- [What is being asked]:
Beginning with the line that holds "Motel 6 Abbeville, LA hotel detail image 1" and ending with the last line below, repeat each line exactly, leaving any pictures out.

- [The data]:

BEGIN

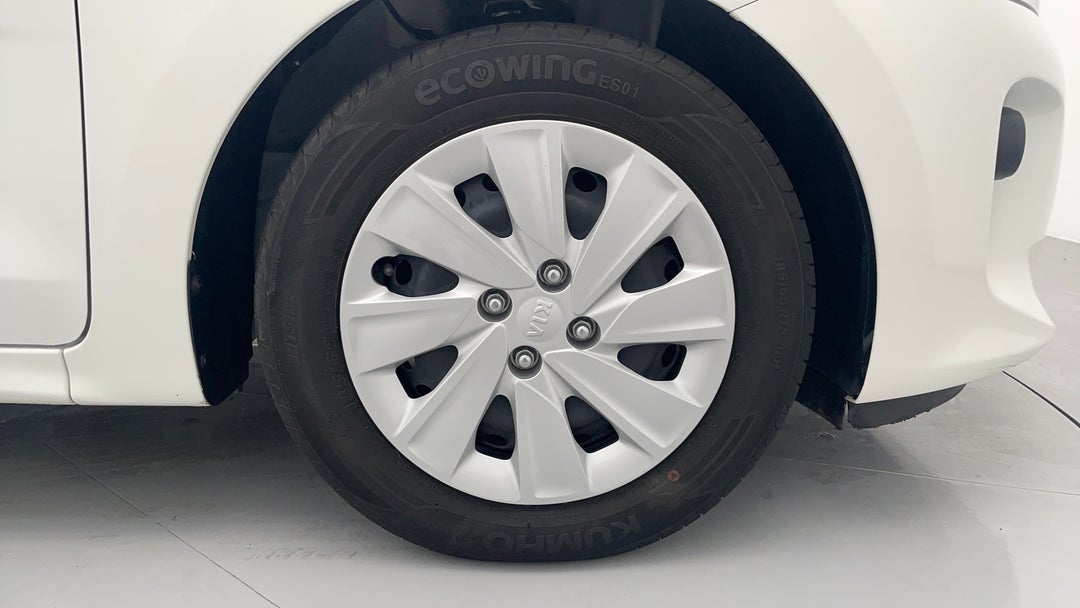 2020 Kia Rio S, Manual, 29157 km, Right Front Wheel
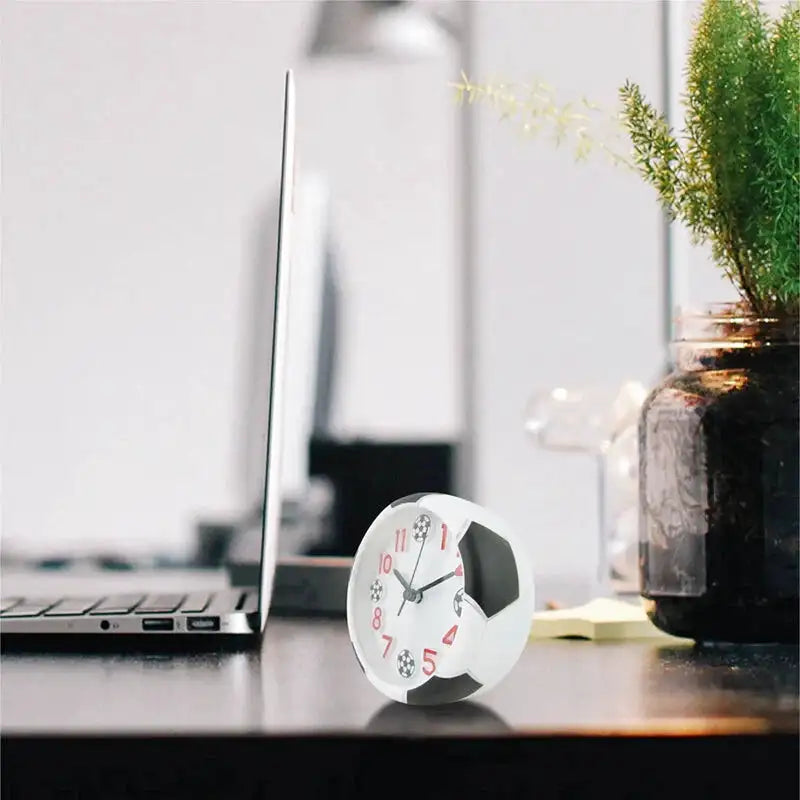 Réveil enfant motif ballon de football - Comptoir du Réveil - 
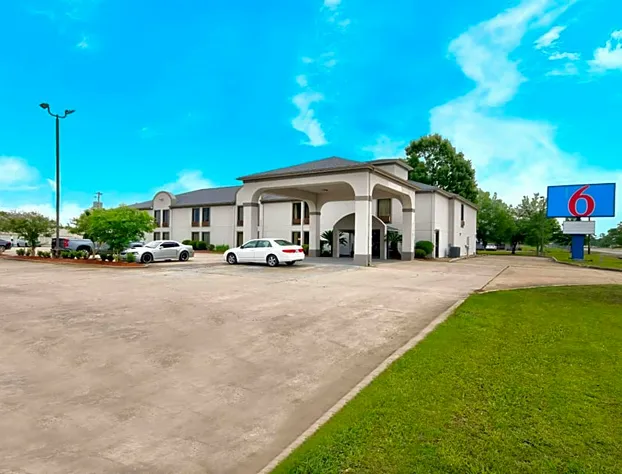 Motel 6 Abbeville, LA hotel detail image 1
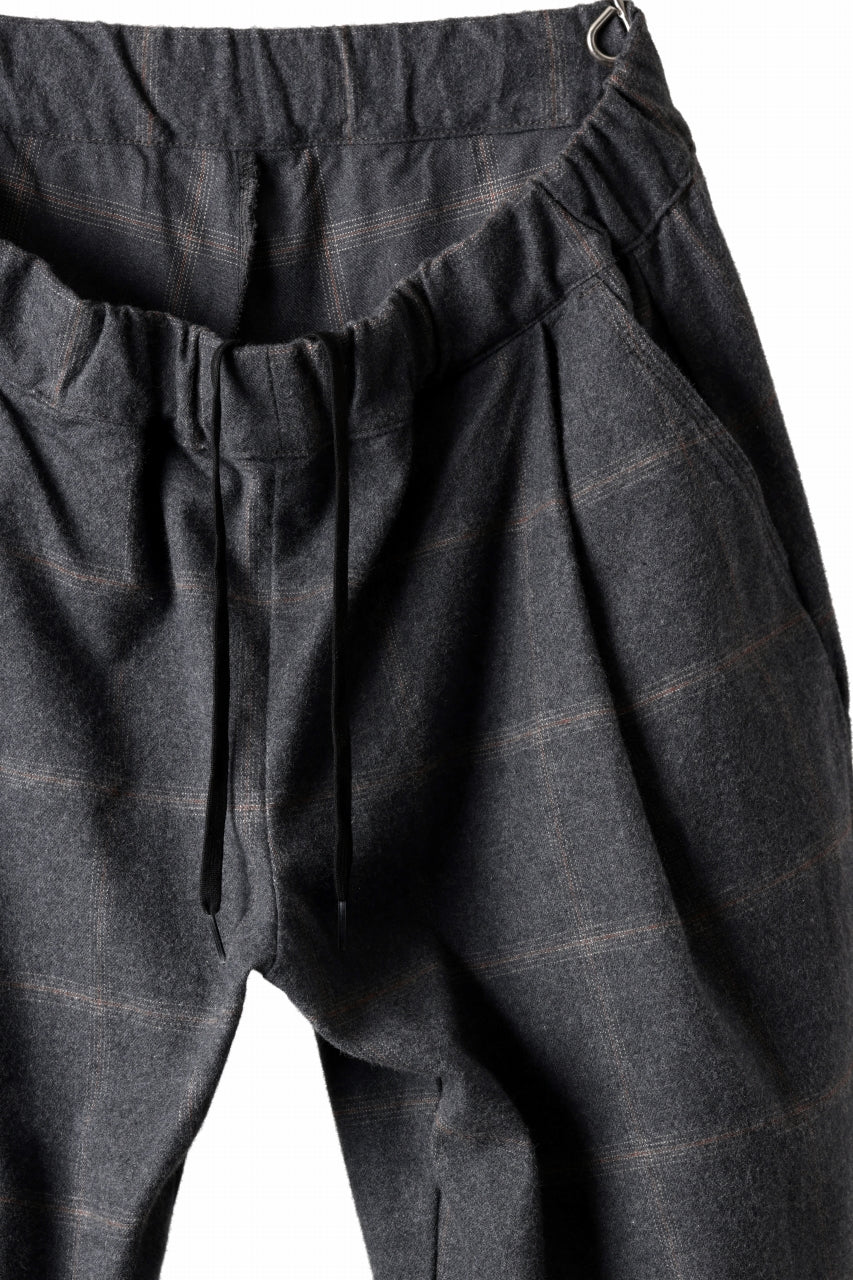 画像をギャラリービューアに読み込む, CAPERTICA PEGTOP EASY PANTS / DARK MELANGE CHECK FLANNEL (CHARCOAL)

END

- [Answer below]:
 Motel 6 Abbeville, LA hotel detail image 1
 画像をギャラリービューアに読み込む, CAPERTICA PEGTOP EASY PANTS / DARK MELANGE CHECK FLANNEL (CHARCOAL)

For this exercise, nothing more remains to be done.